The BAS algorithm, as a meta-heuristic optimization technique, holds significant research value and finds extensive application across various domains. However, it's essential to acknowledge certain limitations and constraints that shape its utility and effectiveness. One such constraint lies in the algorithm's reliance on parameter settings, where suboptimal choices impact its convergence behavior and solution quality. Additionally, the algorithm's performance be influenced by the complexity and dimensionality of the problem space, with scalability concerns arising in highly nonlinear or high-dimensional optimization scenarios.

Despite these constraints, the BAS algorithm stands out for its robustness, simplicity in implementation, and minimal control parameter requirements compared to alternative algorithms. This comprehensive review offers a detailed analysis of the BAS algorithm's foundational principles and existing research landscape, shedding light on its strengths and limitations. By exploring the biological inspiration behind the algorithm and its implementation nuances, we gain a deeper understanding of its operational mechanisms and potential challenges.
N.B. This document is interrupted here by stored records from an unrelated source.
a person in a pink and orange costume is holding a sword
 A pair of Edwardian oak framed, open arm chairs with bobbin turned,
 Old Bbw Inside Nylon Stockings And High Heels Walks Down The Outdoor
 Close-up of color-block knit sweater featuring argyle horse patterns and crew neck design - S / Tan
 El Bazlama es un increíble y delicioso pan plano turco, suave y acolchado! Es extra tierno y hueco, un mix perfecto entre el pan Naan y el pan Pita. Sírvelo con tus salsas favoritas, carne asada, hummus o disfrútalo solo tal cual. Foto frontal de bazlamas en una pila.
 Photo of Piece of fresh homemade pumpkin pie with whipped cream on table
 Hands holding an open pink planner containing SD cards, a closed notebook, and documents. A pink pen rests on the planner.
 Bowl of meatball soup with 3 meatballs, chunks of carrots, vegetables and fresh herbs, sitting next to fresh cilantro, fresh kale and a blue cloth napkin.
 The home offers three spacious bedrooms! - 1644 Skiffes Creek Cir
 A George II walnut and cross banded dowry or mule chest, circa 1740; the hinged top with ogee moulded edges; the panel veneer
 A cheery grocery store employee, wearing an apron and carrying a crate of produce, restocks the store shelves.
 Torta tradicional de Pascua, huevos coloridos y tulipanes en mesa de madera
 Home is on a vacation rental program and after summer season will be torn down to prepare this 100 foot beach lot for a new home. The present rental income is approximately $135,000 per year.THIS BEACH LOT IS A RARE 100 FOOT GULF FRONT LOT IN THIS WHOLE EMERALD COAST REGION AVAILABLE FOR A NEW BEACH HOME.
Furthermore, this paper delves into various enhancements and adaptations made to the BAS algorithm, along with its diverse applications across different systems. It is evident that while the BAS optimization algorithm and its variants exhibit unique characteristics, their efficacy varies across different problem domains. Thus, it becomes imperative to acknowledge the algorithm's adaptability limitations and explore avenues for improvement and refinement.

Looking ahead, the future of BAS research holds promise for theoretical advancements, interdisciplinary collaborations, and broader applications. By addressing the identified constraints and leveraging the algorithm's strengths, researchers can pave the way for more versatile and effective optimization techniques. This review serves not only to synthesize existing knowledge but also to inspire continued exploration and innovation in optimization algorithms, positioning the BAS algorithm as a cornerstone for future advancements across diverse fields.